O paradoxo da concorrência no gás natural

GESNER OLIVEIRA

O governo federal adiou mais uma vez a definição das regras e da situação das agências reguladoras para os segmentos de infra-estrutura. Enquanto se procrastinam pontos essenciais para o investimento, o projeto de reforma tributária vai de vento em popa, apesar de suas inúmeras distorções em prejuízo do emprego e da produção.
O sistema federativo dá pelo menos autonomia no plano estadual para várias áreas importantes, como é o caso do gás natural, regulado em São Paulo pela CSPE (Comissão de Serviços Públicos de Energia). A CSPE realizou nesta semana audiência pública para definir a revisão das tarifas previstas nos contratos de concessão.
Em contraste com o debate no plano federal, não há questões existenciais acerca da absoluta necessidade das agências reguladoras e de regras estáveis para a inversão produtiva. Nunca se cogitaram, por exemplo, idéias absurdas como a de extinção das agências.
A CSPE reúne, por sua vez, alguns atributos mínimos necessários para exercer seu papel de regulador do mercado. Diferentemente daquilo que ocorreu no setor elétrico na administração passada, a criação da CSPE e a instituição do Programa Estadual de Desestatização precederam a venda da Comgás (Companhia de Gás de São Paulo).
Na audiência pública realizada pela CSPE, a discussão aberta e preponderantemente técnica contrastou com a balbúrdia gerada na discussão dos indexadores das tarifas de telefonia no plano federal em virtude da interferência do Ministério das Comunicações.
A experiência internacional, especialmente a dos EUA, tem revelado que o mecanismo da audiência pública, quando bem conduzido, pode ser um instrumento útil de debate e entendimento pela opinião pública das complexas questões envolvidas na regulação da infra-estrutura.
A definição da tarifa do gás natural, por exemplo, requer critério e consistência com o processo de privatização. Uma vez realizadas as inversões necessárias para a expansão do setor, não pode haver um súbito descolamento entre a fixação da tarifa e o preço mínimo definido para a privatização atualizado pela correção monetária e com os devidos ajustes para a depreciação e novos investimentos realizados.
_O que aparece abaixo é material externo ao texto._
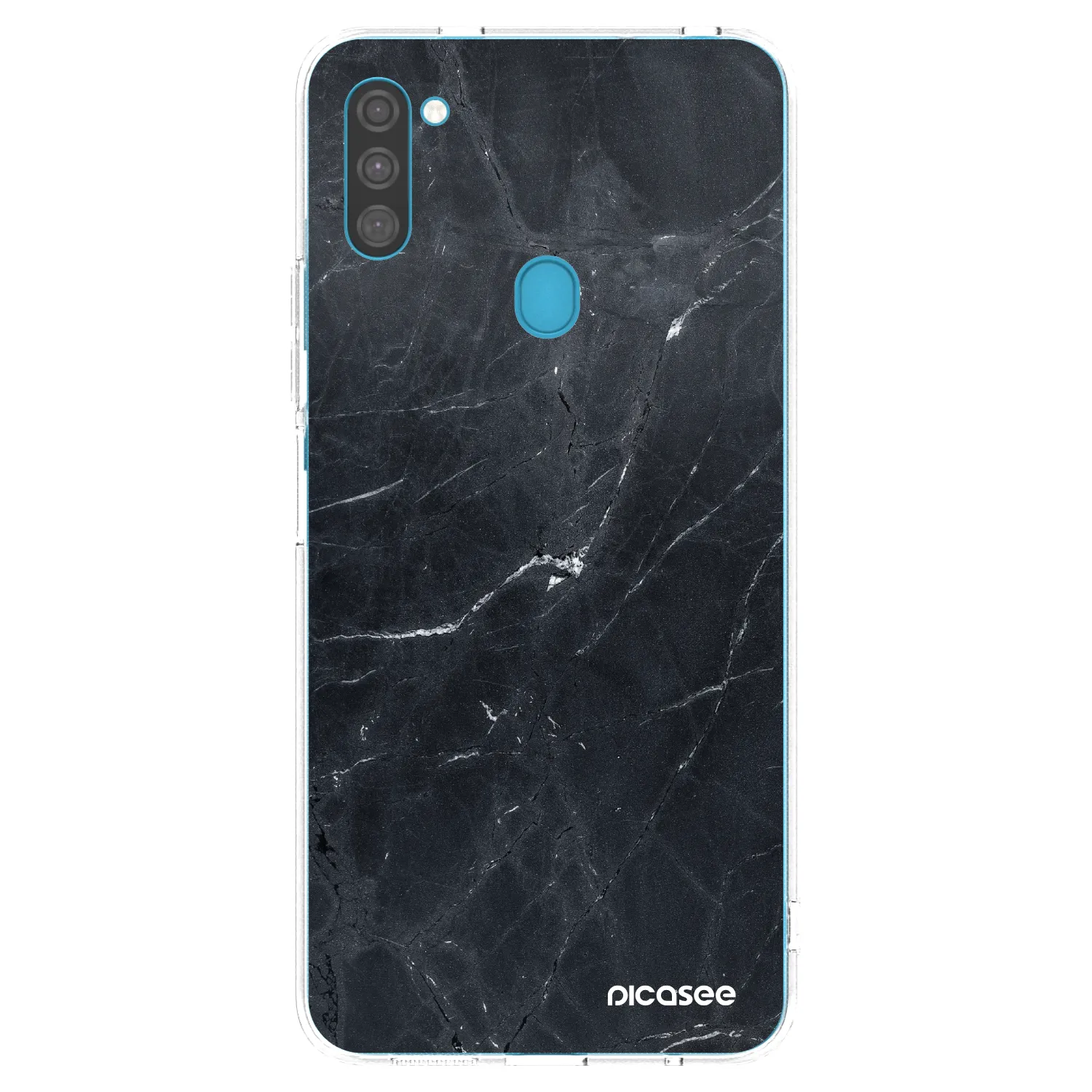 Picasee silikonski prozorni ovitek za Samsung Galaxy M11 - Black marble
A previsibilidade e a consistência ao longo do tempo da regulação constituem o mecanismo mais eficaz para expandir a capacidade produtiva.
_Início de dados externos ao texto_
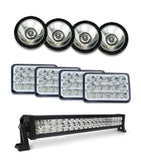 Grille Guard Front Black with Lights 1999-2003 Volvo VNL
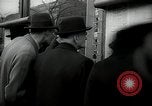 Image of busy market street Prague Czechoslovakia, 1938, second 10 stock footage video 65675027046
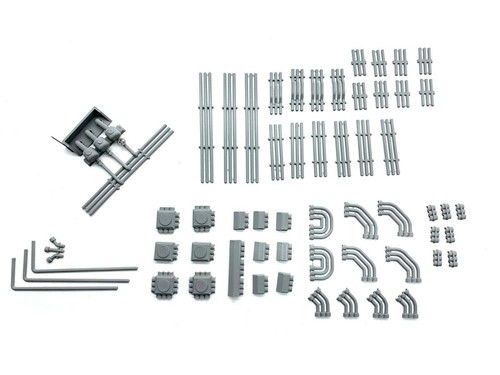 DAPR - TT: 120 Gauge Model Scenery Kit - Gas/Fuel Depot Modular Ground Pipe Kit - Bild 11 von 11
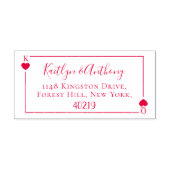 Die Mongram Playing Card Wedding Collection Permastempel (Design)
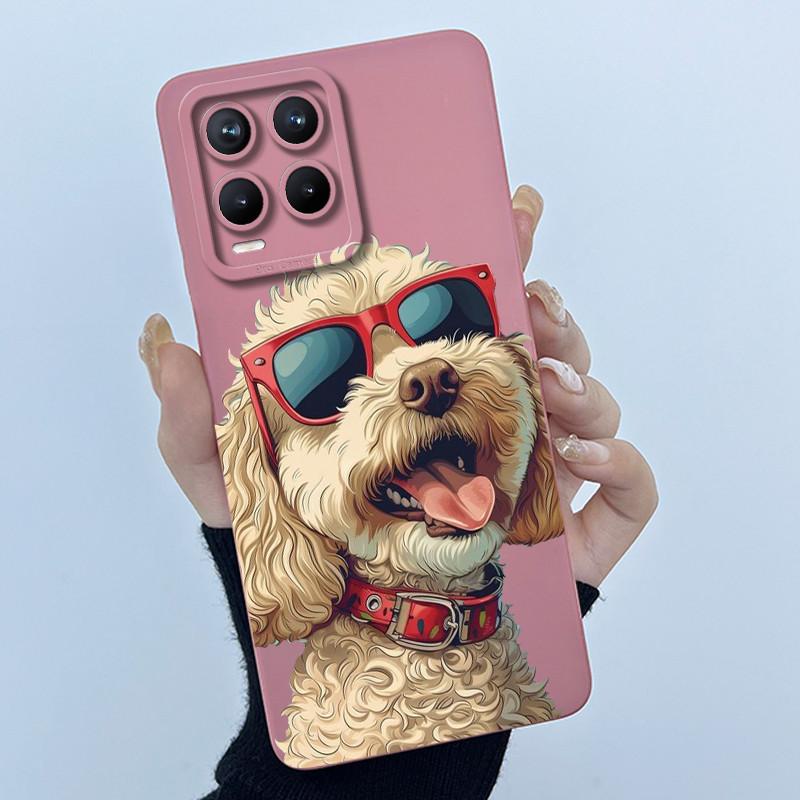 Phone Case For Realme 8 Pro 8i 8S 4G 5G Case Lovely Cartoon Flower Liquid Silicone Soft Shockproof Back Cover For Realme8 Bumper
E é exatamente isso o que o setor de gás natural precisa. O gás natural ainda representa muito pouco da matriz energética. Segundo a Petrobras, a participação do gás natural na matriz energética nacional é de cerca de 3%. A energia elétrica e o petróleo e derivados respondem por 41% e 36%, respectivamente.
Há muito que se fala em uma expectativa de que a utilização do gás cresça para um patamar de 12% em 2010. No mundo, tal participação é de 19%, esperando-se 25% em 2010. Na Argentina e nos EUA, esses percentuais chegam a 47% e 24%, respectivamente.
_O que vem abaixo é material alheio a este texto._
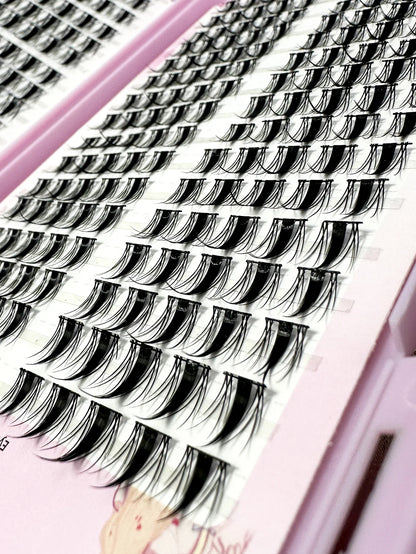 High-Capacity Individual Cluster Lashes (12mm / 13mm / 14mm)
A descoberta recente pela Petrobras de uma reserva de 419 bilhões de metros cúbicos de gás natural na bacia de Santos comprova, de uma vez por todas, o potencial do setor. Trata-se de reserva maior do que a soma das reservas de gás natural conhecidas pela ANP (Agência Nacional do Petróleo), de 236 bilhões de metros cúbicos. Segundo dados do Ministério de Minas e Energia, a exploração dessa reserva poderia gerar uma produção diária de 42 milhões de metros cúbicos de gás natural por dia, mais do que os 30 milhões de metros cúbicos que o Brasil pode importar diariamente da Bolívia.
Segmentos ainda incipientes como o de gás natural e que precisam se expandir requerem uma visão francamente pró-investimento por parte do regulador. A imposição de controles muito estritos, supostamente em nome da concorrência e do consumidor, terminam por comprometer a constituição de uma rede ampla que acentue a competição do gás com outros energéticos como o óleo combustível. Por sua vez e paradoxalmente, é a ausência dessa rede capilarizada o principal obstáculo para que se obtenham os benefícios da concorrência.


Gesner Oliveira, 47, é doutor em economia pela Universidade da Califórnia (Berkeley), professor da FGV-EAESP, sócio-diretor da Tendências e ex-presidente do Cade.